What is needed: When copying the data below, keep only the lines from the one with "Above ground pools" through the one with "Душевая система Webert", word for word, and skip the pictures.

Supplied records:
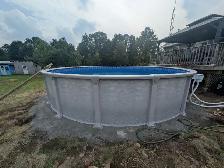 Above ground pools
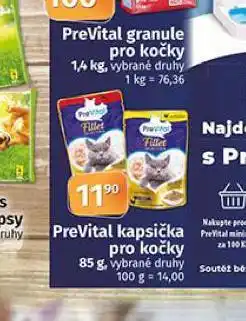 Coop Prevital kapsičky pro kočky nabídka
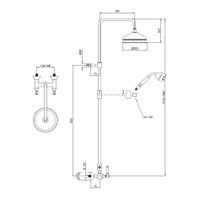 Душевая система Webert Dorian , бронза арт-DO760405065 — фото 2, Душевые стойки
* * *
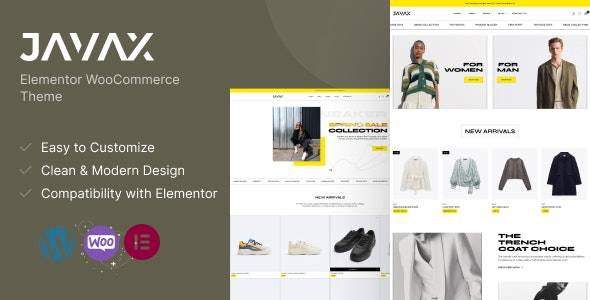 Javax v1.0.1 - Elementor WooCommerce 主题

Result of this task:
 Above ground pools
 Coop Prevital kapsičky pro kočky nabídka
 Душевая система Webert Dorian , бронза арт-DO760405065 — фото 2, Душевые стойки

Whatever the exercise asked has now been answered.